→ **What you have to do**: Could you copy exactly the lines below from the one with "Building Photo - 10275 Collins Ave" to the one with "Hundidos en basura", inclusive, leaving out any pictures?

→ **Record set**:
------------------------

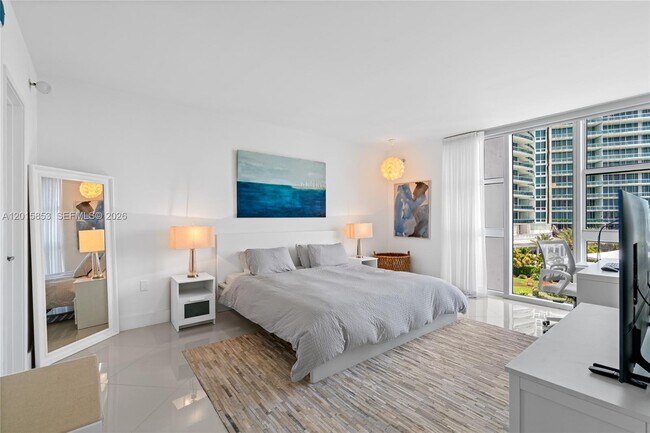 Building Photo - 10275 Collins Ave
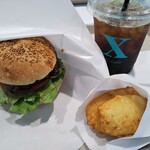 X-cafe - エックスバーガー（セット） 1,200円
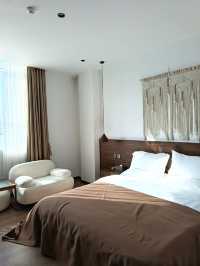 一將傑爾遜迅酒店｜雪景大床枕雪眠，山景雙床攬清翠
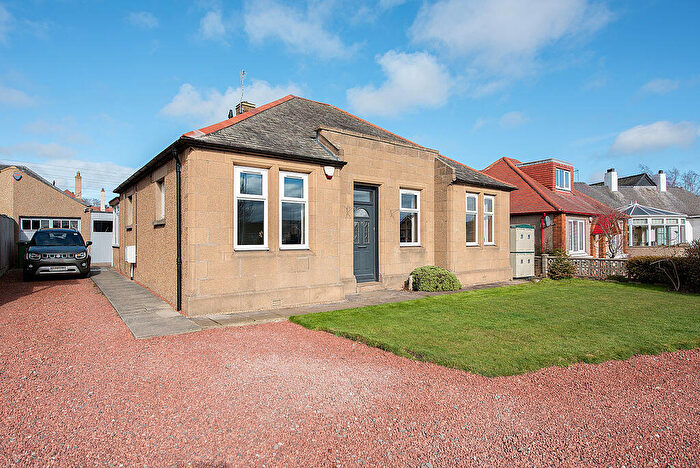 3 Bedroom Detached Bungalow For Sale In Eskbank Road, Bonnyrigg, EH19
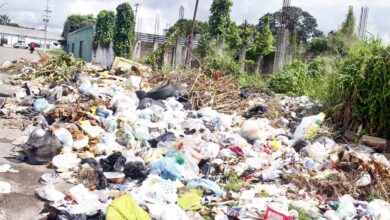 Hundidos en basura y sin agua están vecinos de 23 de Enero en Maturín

------------------------

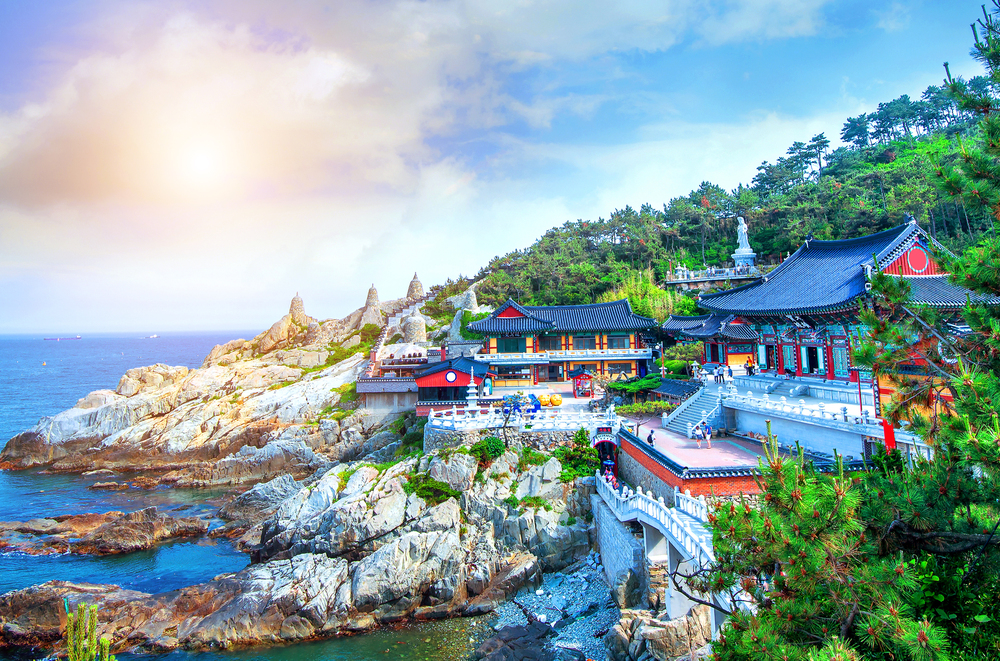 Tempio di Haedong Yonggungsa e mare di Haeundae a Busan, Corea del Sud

------------------------

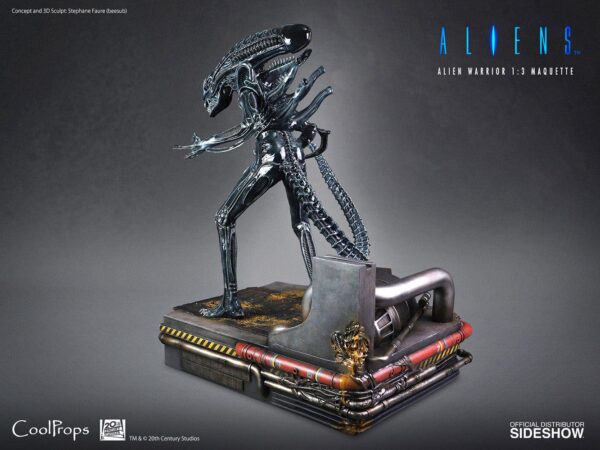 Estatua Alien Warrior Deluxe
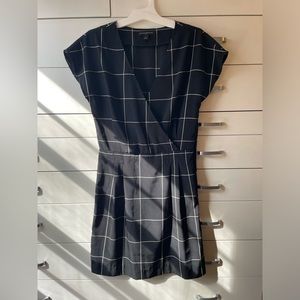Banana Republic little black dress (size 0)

------------------------

→ **Answer section**:
 Building Photo - 10275 Collins Ave
 X-cafe - エックスバーガー（セット） 1,200円
 一將傑爾遜迅酒店｜雪景大床枕雪眠，山景雙床攬清翠
 3 Bedroom Detached Bungalow For Sale In Eskbank Road, Bonnyrigg, EH19
 Hundidos en basura y sin agua están vecinos de 23 de Enero en Maturín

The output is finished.